OptArgus: A Multi-Agent System to Detect Hallucinations in LLM-based Optimization Modeling

Published 12 May 2026 in cs.AI | (2605.11738v1)

Abstract: LLMs are increasingly used to translate natural-language optimization problems into mathematical formulations and solver code, but matching the reference objective value is not a reliable test of correctness: an artifact may agree numerically while still changing the underlying optimization semantics. We formulate this issue as \emph{optimization-modeling hallucination detection}, namely structural consistency auditing over the problem description, symbolic model, and solver implementation. We develop, to our knowledge, the first fine-grained hallucination taxonomy specifically for optimization modeling, spanning objective, variable, constraint, and implementation failures. We use this taxonomy to design OptArgus, a multi-agent detector with conductor routing, specialist auditors, and evidence consolidation. To evaluate this setting, we introduce a three-part benchmark suite with $484$ clean artifacts, $1266$ controlled injected artifacts, and $6292$ natural LLM-generated artifacts. Against a matched single-agent baseline, OptArgus produces fewer false alarms on clean artifacts, more accurate top-ranked localization on controlled single-error cases, and stronger detection on natural model outputs. Together, these contributions turn optimization-modeling hallucination detection into a concrete empirical problem and suggest that modular, taxonomy-grounded auditing is a practical route to more reliable optimization modeling.

Abstract PDF Upgrade to Chat

Authors (8)

Summary

The paper introduces a formal taxonomy with 83 hallucination types in optimization modeling across objectives, variables, constraints, and implementation.
The paper leverages a multi-agent system, OptArgus, to dynamically route artifacts through specialized auditors, enhancing structured error localization.
The paper demonstrates significant performance improvements over baseline models, notably reducing false positives and improving localization metrics on multiple benchmarks.

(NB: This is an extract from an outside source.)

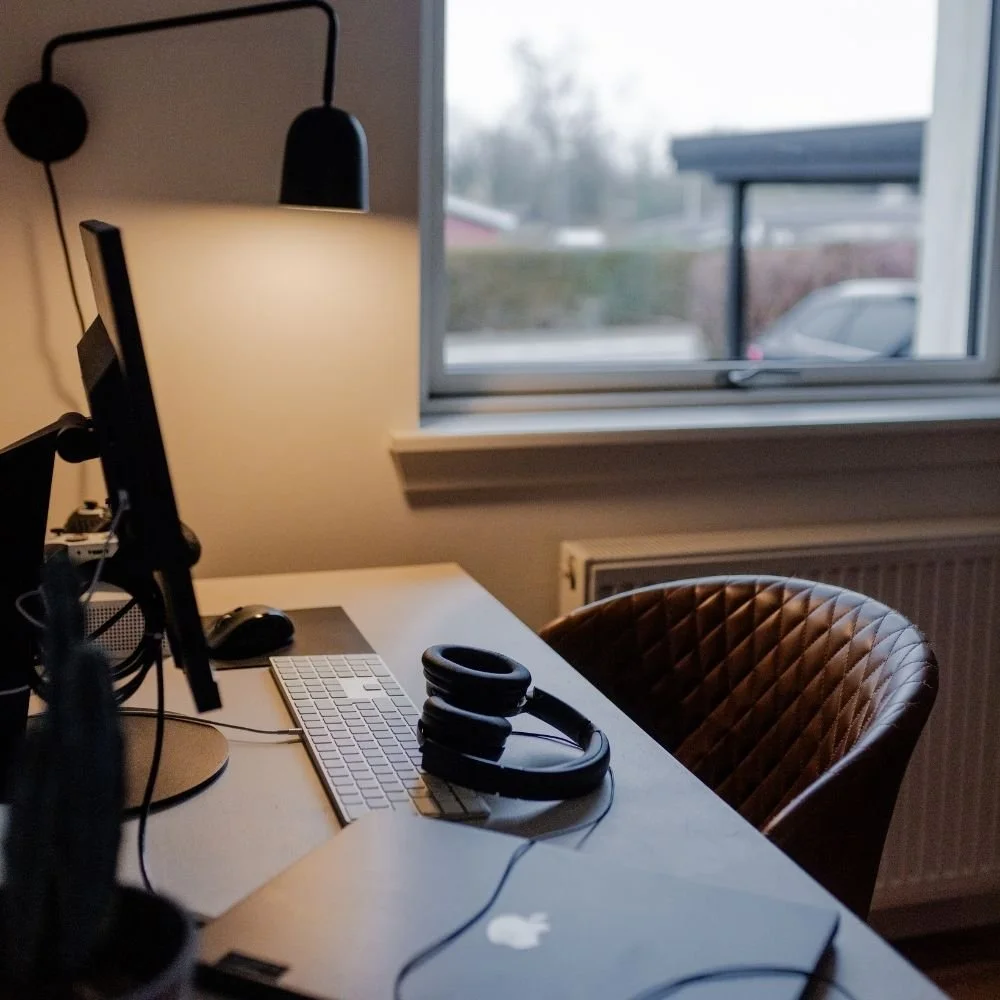 Arbejdslampe, computer, tastatur, mus og hovedtelefoner på et skrivebord ved et vindue i et hjemmekontor.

Taxonomy-Grounded Hallucination Detection in LLM-Based Optimization Modeling: An Analysis of OptArgus

Motivation and Problem Space

The increasing adoption of LLMs for translating natural-language optimization problems into symbolic models and solver code presents a fundamental challenge: numeric agreement on objective values does not guarantee that the underlying optimization problem semantics are faithfully captured. Artifacts may appear numerically correct yet still misrepresent the decision structure, leading to what the authors term "optimization-modeling hallucinations." These span erroneous objectives, variable domains, constraints, or code implementations—failures that can critically undermine trustworthy automation for decision-support systems in sensitive domains.

To systematically address this problem, the authors introduce optimization-modeling hallucination detection as a formal structured consistency auditing task over the triplet $(P,M,S)$ , where $P$ is the natural-language problem, $M$ the symbolic model, and $S$ the solver implementation. They develop an expert-driven taxonomy covering hallucination types in objectives, variables, constraints, and implementation, operationalizing the detection task as fine-grained structured prediction over taxonomy-grounded element labels.

Hallucination Taxonomy and Empirical Artifacts

A hallmark of this work is the first fine-grained, operational taxonomy of optimization-modeling hallucinations. The taxonomy covers 83 specific failure types partitioned into objective, variable, constraint, and implementation families, each mapped to subcategories (e.g., direction errors, domain relaxations, aggregation mistakes, code misregistration).

Figure 1, referenced in the text, visually demonstrates how seemingly minor symbolic or code deviations yield structurally distinct models—a reversed objective direction, incorrectly relaxed variable domains, aggregation errors, or implementation omissions—that may persist even under objective-value agreement.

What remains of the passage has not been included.